SNOHOMISH — A property tax exemption is being proposed on new development in the Midtown District along Avenue D, and a public hearing on this will be at the Tuesday, July 5 City Council meeting with City Council confirmation possibly afterward.
In it, the city would offer to waive property taxes for eight years if 10% of the units are rent-limited for affordable housing or 12 years if 20% of the units are rent-limited for affordable housing.
“We want some affordable housing, and this is the best way we have right now,” city planning director Glen Pickus told the City Council June 7.
Opponents say exempting taxes for multimillion dollar developments has the consequence of benefiting developers while spreading the share of property tax costs to everyone else.
Earlier this month, the City Council took a vote declaring an intent to vote to ultimately approve the property tax exemption in Midtown.
Property tax exemption systems are relatively new for Snohomish. The city’s only one is for new development in the Pilchuck District in Snohomish’s east end.
Only one property citywide has been developed utilizing that tax exemption: 161 Lincoln Ave., a building with seven residential units. With the exemption, the city is forgoing $1,277 in city property tax revenue over the span of eight years on this property, Pickus quoted county assessor’s office figures June 7. The cost that shifted to all resident's property taxes is an increase of 30 cents per year, Pickus said.

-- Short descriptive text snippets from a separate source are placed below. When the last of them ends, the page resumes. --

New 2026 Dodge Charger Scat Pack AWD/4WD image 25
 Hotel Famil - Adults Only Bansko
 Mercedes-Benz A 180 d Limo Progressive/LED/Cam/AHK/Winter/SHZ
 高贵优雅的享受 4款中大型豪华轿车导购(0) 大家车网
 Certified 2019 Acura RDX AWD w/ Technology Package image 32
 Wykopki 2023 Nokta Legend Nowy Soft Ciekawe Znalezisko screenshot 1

In Midtown, whoever buys and redevelops the county’s 9-acre site likely will use the exemption for a much bigger project. The vacant lot along Avenue D opposite 10th Street has a real estate broker attached to selling the land.
Unless it’s turned into all office space, the Midtown District’s housing density minimums, applied to 9 acres, would obligate building at least 144 residential units, which adds approximately 360 people.

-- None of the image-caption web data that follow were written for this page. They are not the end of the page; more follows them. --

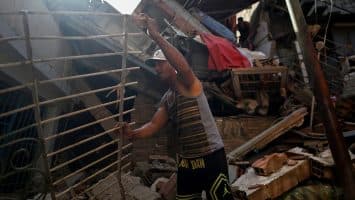 Portugal confirma su primera víctima mortal en Venezuela tras los sismos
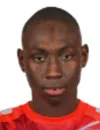 Alieu Drammeh - FC Barcelona U18 futbolcusu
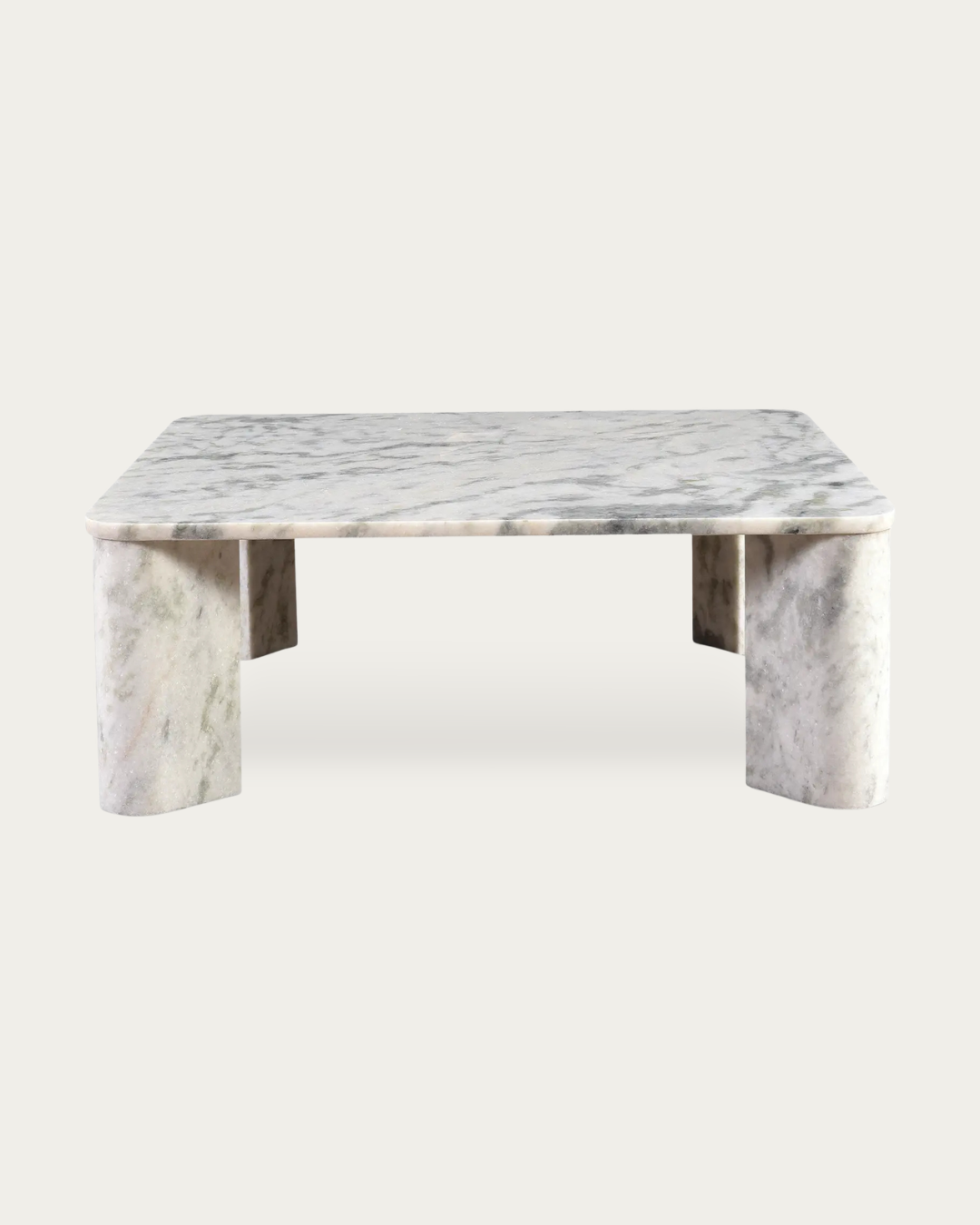 Astri Marble Coffee Table - Coffee Tables - Hello Norden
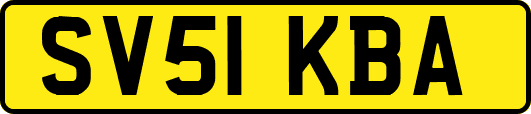 SV51KBA
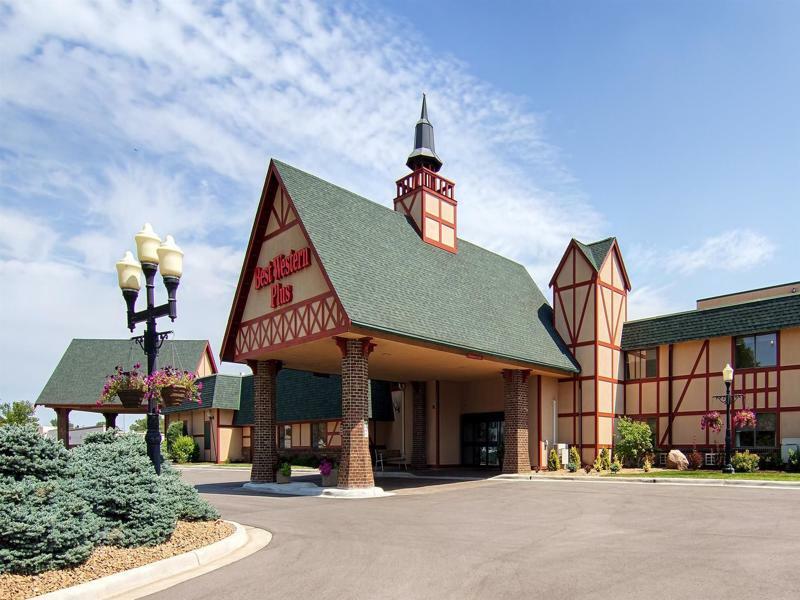 Hotel Western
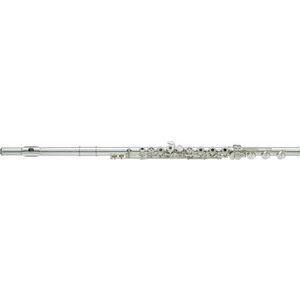 Yamaha YFL 687 Koncertná priečna flauta vyobraziť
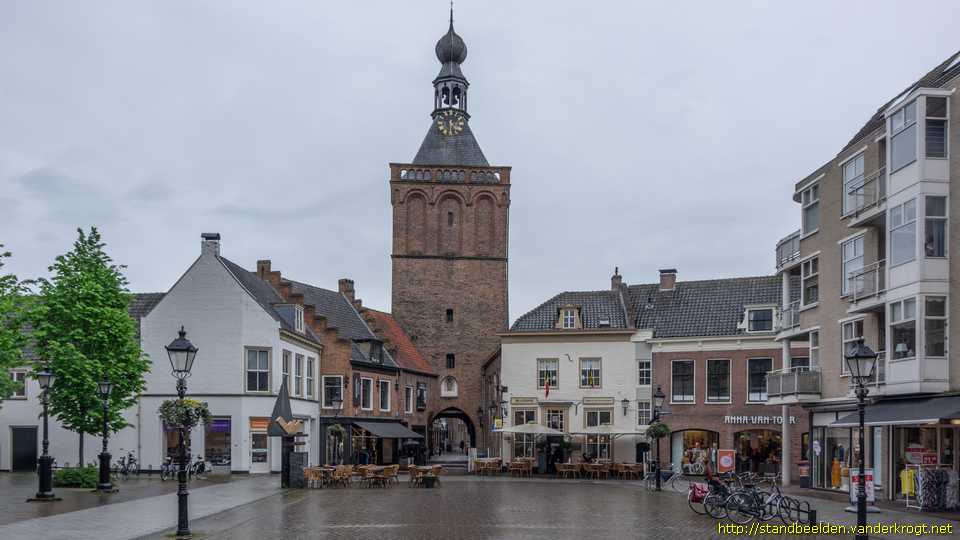 Culemborg - Sint Barbara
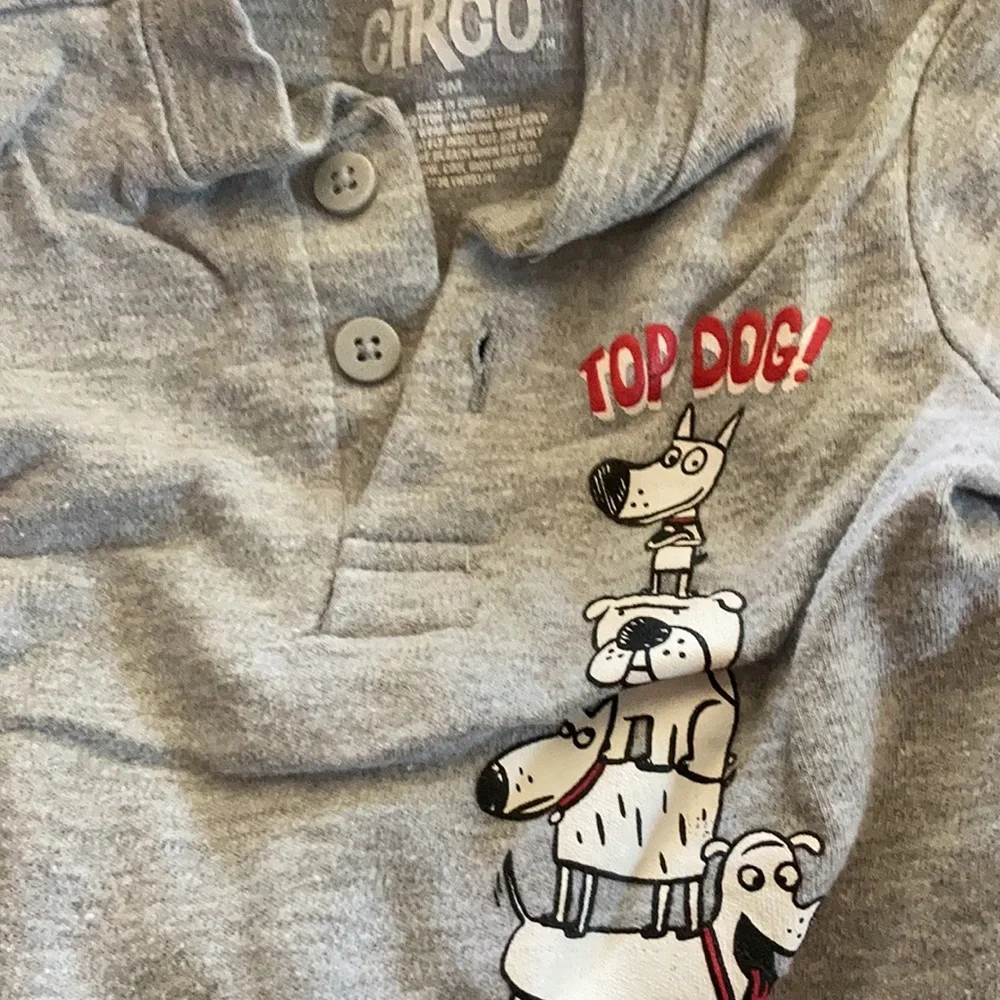 Circo infant one piece 3 months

The exemption is on the residential section of a building, not the underlying land.
When it came to 161 Lincoln Ave., which redeveloped the site of a long-defunct car wash, Pickus said without the exemption, it wouldn’t have been redeveloped.
A city consultant wrote in a new city-commissioned housing analysis that “the county has allocated an additional 2,752 residents for the City by 2044. These residents will drive demand for approximately 1,200 new dwelling units over the 20-year period.”

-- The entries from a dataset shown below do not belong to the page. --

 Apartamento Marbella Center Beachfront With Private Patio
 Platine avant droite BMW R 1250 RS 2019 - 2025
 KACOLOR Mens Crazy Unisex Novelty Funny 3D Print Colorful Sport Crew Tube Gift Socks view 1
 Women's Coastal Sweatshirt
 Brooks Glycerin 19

Since the Midtown District is 102 acres, heavy redevelopment that leans residential could greatly grow the number of residential units. New development is how the city is approaching how to gain more affordable housing.
“I personally believe the most logical approach to the affordable housing issue is to build more housing, period. The more housing units we have, the more affordable some will be,” Pickus said during a separate June 7 council workshop.
Concerned property owner Morgan Davis sent the Tribune data from the county assessor’s office that there are 2,982 property tax accounts in the city without an exemption which would shoulder part of the cost of exempted property taxes for new development in Midtown.
The city’s property tax rate is 66 cents for every $1,000 in assessed value. The owner of an example $500,000 home is paying $330 this year for the city’s tax portion. (Their full tax bill is $5,390 at the rate of $10.78 per $1,000.)
The Midtown public hearing is during the council meeting 6 p.m. July 5 in the Carnegie, 105 Cedar Ave.